§ **Task requirements**:
When you reach the line below that has "Support Pittsburgh, support", start returning lines exactly, and stop after the line that has "But before we"; skip the pictures.

§ **Stored data**:
*-*-*

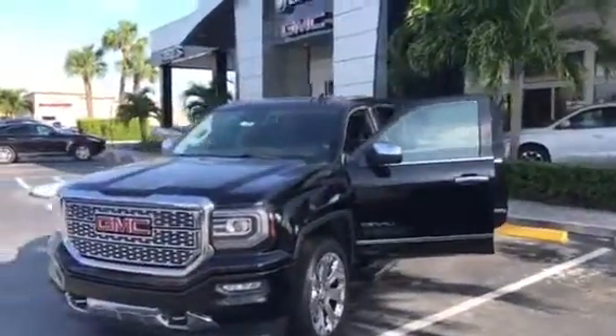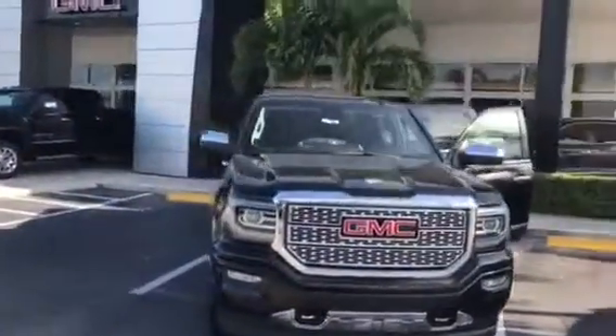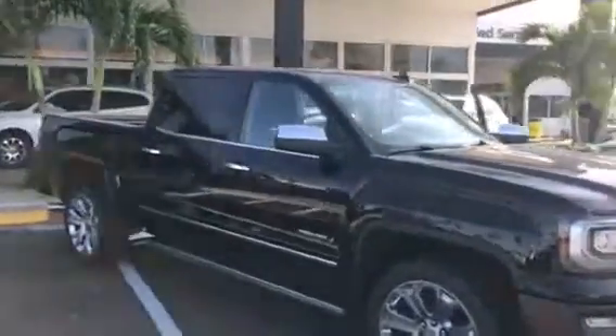Hi, this is Jack from Carl's Buick GMC in Stuart. I just wanted to take a video of the 2017 GMC Sierra Denali. As you see, absolutely beautiful vehicle.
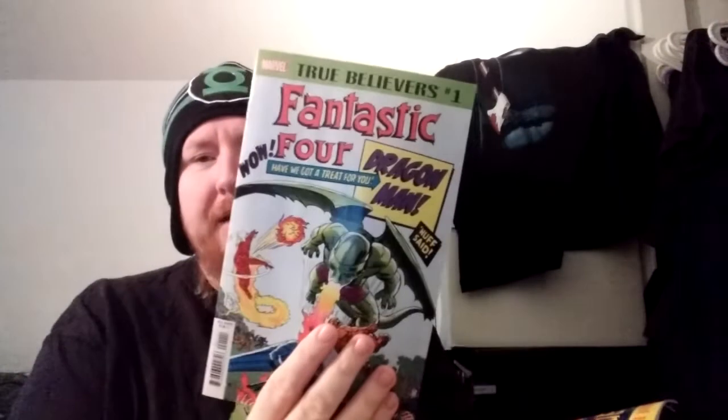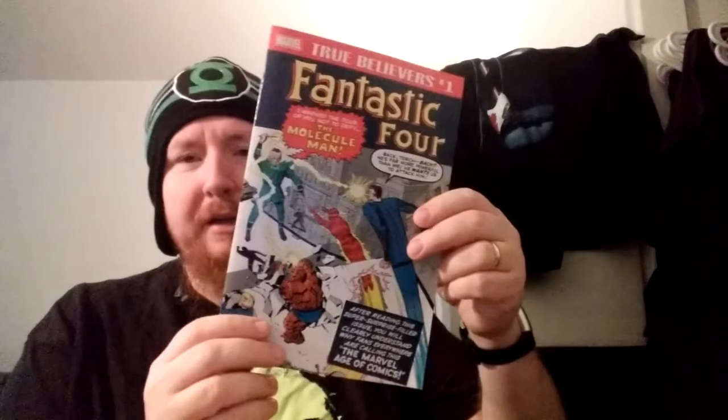Support Pittsburgh, support your local talent wherever you're from. The other thing I always buy off the shelf is True Believers — I don't put them on my pull list. This one is Fantastic Four's Dragon Man, the Super-Skrull, and Molecule Man — not the Molecular Man from Conan O'Brien. But that's my pull list from this week.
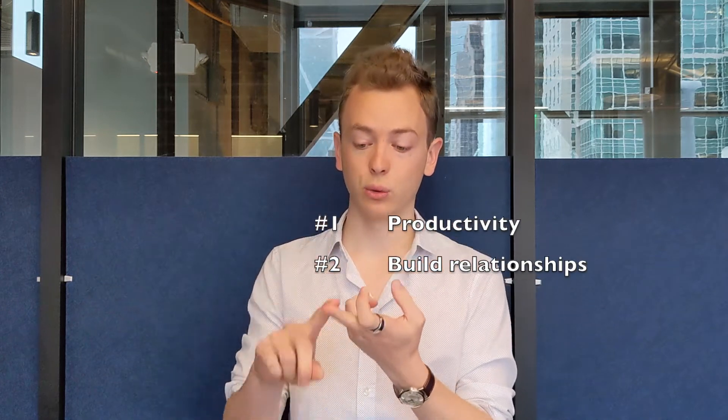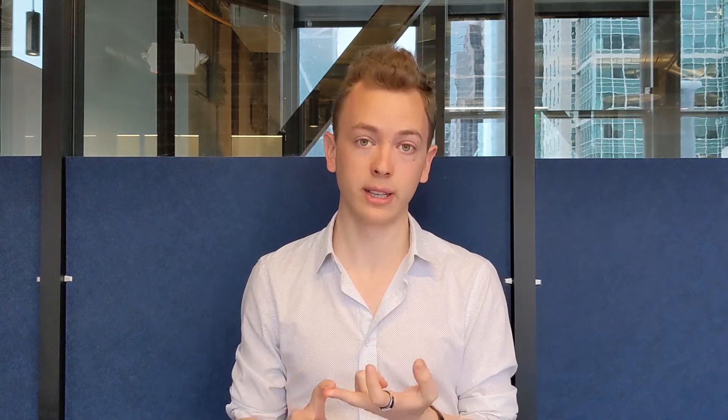But before we dive into the top three, let's see when to send voice messages. From my research, it seems like people send voice messages mainly for two reasons: one, productivity gain, and two, building relationships over the internet. The productivity part is easy to understand — sending a voice message is much faster than typing. For example, I know about a fitness coach who sends between 300 and 400 voice messages per week, saving him hours per day.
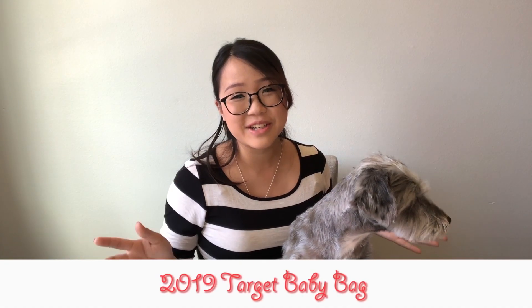Hi everyone, it's Vanna. I wanted to do a quick video on the 2019 Target baby bag. Like many other stores like Bye Bye Baby, when you do a registry with them you get a little welcome bag. So I'll be showing you what's in the bag along with Millie, my little helper right here.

*-*-*

§ **Response below**:
Support Pittsburgh, support your local talent wherever you're from. The other thing I always buy off the shelf is True Believers — I don't put them on my pull list. This one is Fantastic Four's Dragon Man, the Super-Skrull, and Molecule Man — not the Molecular Man from Conan O'Brien. But that's my pull list from this week.
But before we dive into the top three, let's see when to send voice messages. From my research, it seems like people send voice messages mainly for two reasons: one, productivity gain, and two, building relationships over the internet. The productivity part is easy to understand — sending a voice message is much faster than typing. For example, I know about a fitness coach who sends between 300 and 400 voice messages per week, saving him hours per day.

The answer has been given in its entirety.